While Insr levels are static during the neonatal window (Fig. 5C), follicles enhance their ability to respond to insulin signaling as evidenced by the gradual increase in Igf1r between PND1 and PND8 in wild-type ovaries (Fig. 5C). Expression of the IGF1R ligand, Igf1 transiently increases at PND4 followed by significant increase in the local production of Ins1 in granulosa cells and the primary murine INSR ligand, Ins2 at PND8. While we did not examine the facilitated transport of glucose in growing follicles via Slc2a4 (aka, Glut4), its expression was enhanced at PND8. The increase in insulin signaling elements were correlated with a significant increase in the granulosa cell differentiation factor, Foxl2 (Fig. 5C).

Loss of INSR and IGF1R signaling alters the expression of genes involved in granulosa cell proliferation and follicular activation at PND8

The phenotype observed in dual insulin receptor mutant mice mimics that previously described for female Foxl2-null mice [30, 31]. Chiefly, inappropriate activation of oocytes with no subsequent proliferation of their surrounding granulosa cells. At PND8, qPCR analysis of total ovarian mRNA revealed a significant decrease in Foxl2 expression in Insr^d/d mice, that was further decreased in Igf1r^d/d and DKO mice (Fig. 6A). The localization of FOXL2 in granulosa cells of growing follicles was correlated to follicle size (i.e. the number of granulosa cell layers) which were relatively greater in secondary follicles from WT and Insr^d/d mice than those in Igf1r^d/d and DKO mice (Fig. 6B). Expression of the cell proliferation marker MKI67 was nearly absent in follicles of DKO mice (Fig. 6B). In addition, Amh which encodes a regulator of the primordial follicle pool by suppressing follicle activation was similarly decreased in all receptor mutants and nearly undetectable in DKO mice (Fig. 6A). The localization of AMH was prominent in the secondary follicles of WT mice and could be detected in Igf1r^d/d secondary follicles (Fig. 6B). However, it was greatly reduced in similar follicles from Igf1r^d/d mice and nearly absent in DKO mice (Fig. 6B). Gdf9 is an oocyte specific marker which should increase in expression level during the proper activation of the follicle, but in each case mRNA levels were significantly decreased after Insr ablation and further decreased with Igf1r loss (Fig. 6A).

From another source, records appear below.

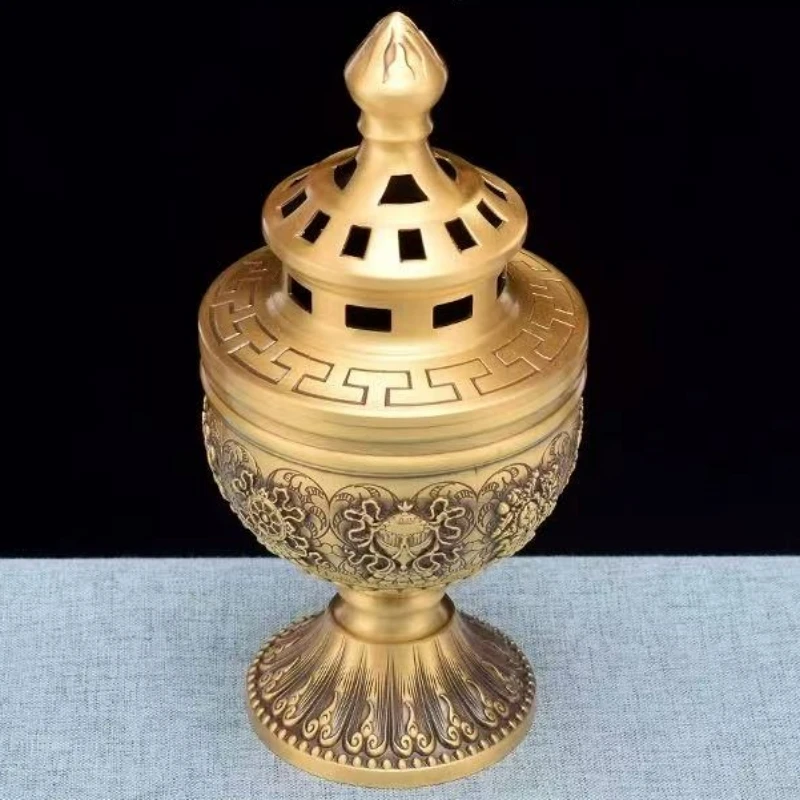 Multi-Functional Incense Burner Bronze Auspicious Tall Feet Aromatherapy Stove Meditation Smoke Furnace Altars Buddhist Item
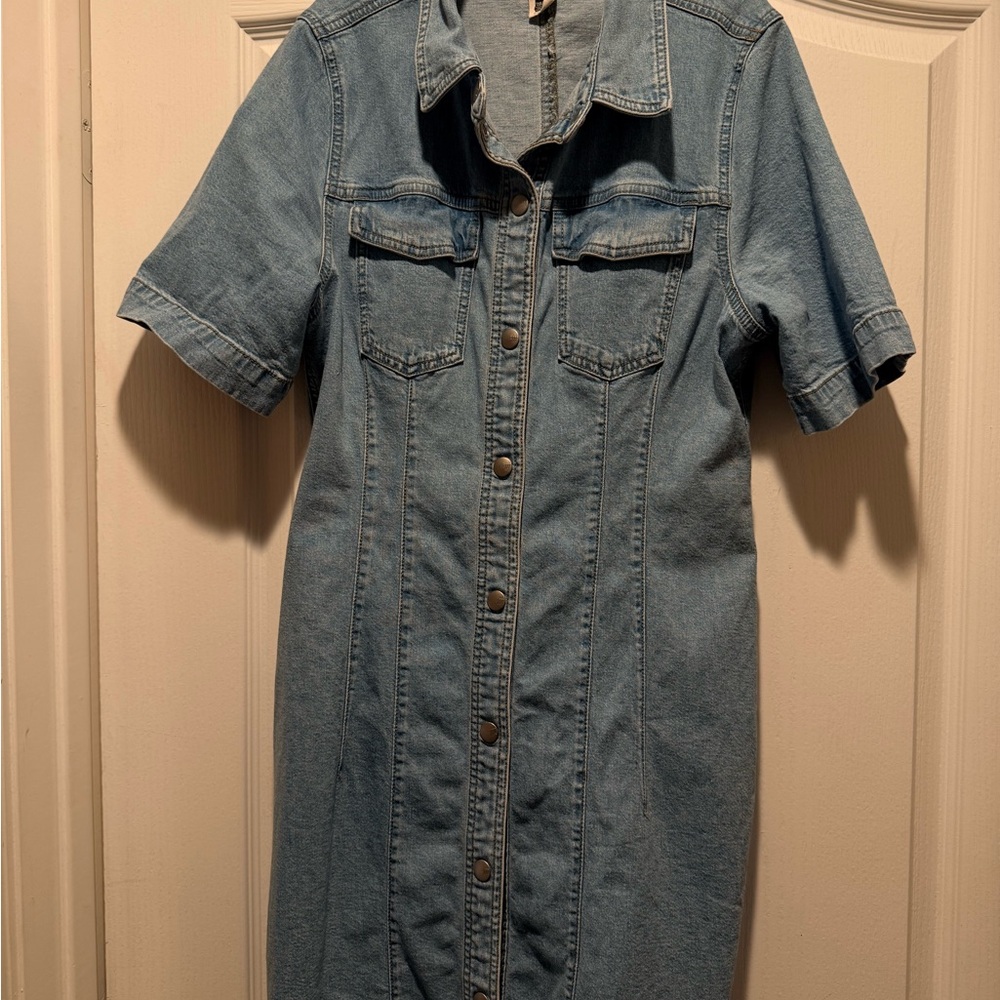 Madewell Blue Denim Button-Up Dress - Picture 2 of 4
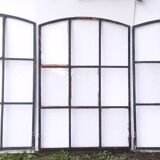 Industrial arched metal windows L73xH110 19th century glass roof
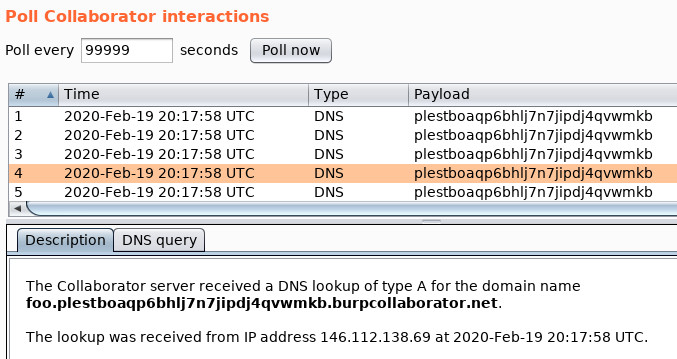 DNS Exfiltration thru Blind SQL Injection in a MS-SQL Environment - Burp Collaborator Output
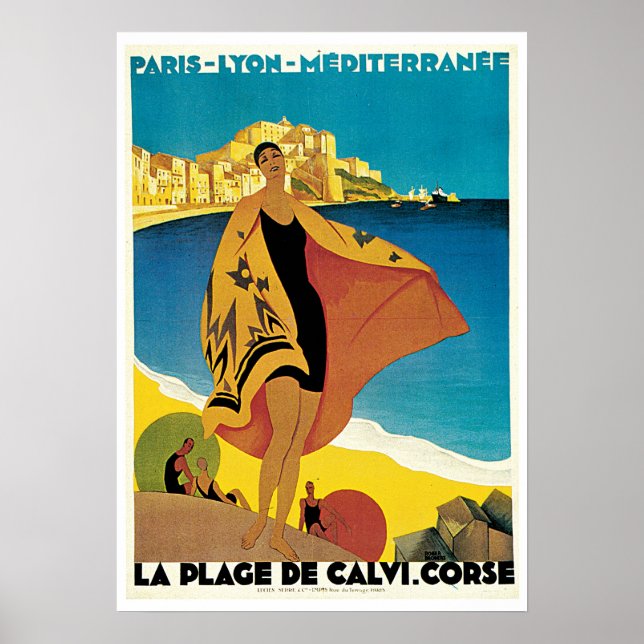 Poster Viagens vintage, La Plage De Calvi França (Frente)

Figure 6. — Loss of *Insr* and *Igf1r* impairs follicle development and growth. (A) Relative mRNA expression of markers of granulosa cell development and follicular activation were determined as in Fig. 5. (n = 12). (B) Immunofluorescent localization of oocyte factor FOXO3, granulosa marker FOXL2, the proliferation marker MKI67, and the regulator of follicle selection AMH. Protein expression was well-correlated to mRNA levels and were greatly reduced in *Igf1r*^d/d and DKO mice. (*) Abnormal follicles where FOXO3 disappeared from the oocyte in accordance with normal follicle dynamics but no subsequent proliferation of the granulosa cell layer was observed.

To determine whether oocyte development is affected by loss of insulin signaling, the protein expression pattern for a marker of oocyte development, FOXO3 was analyzed [32]. In oocytes of primordial and primary follicles, FOXO3 is abundantly expressed and localized to the nucleus. After activation and transition into the secondary follicle stage, FOXO3 is translocated into the cytoplasm and degraded. In WT and single receptor mutant mice, this pattern is preserved (Fig. 6B). However, DKO mice exhibited normal FOXO3 expression in primordial follicles, but FOXO3 was absent in putatively abnormal activated follicles with a single layer of granulosa cells (*).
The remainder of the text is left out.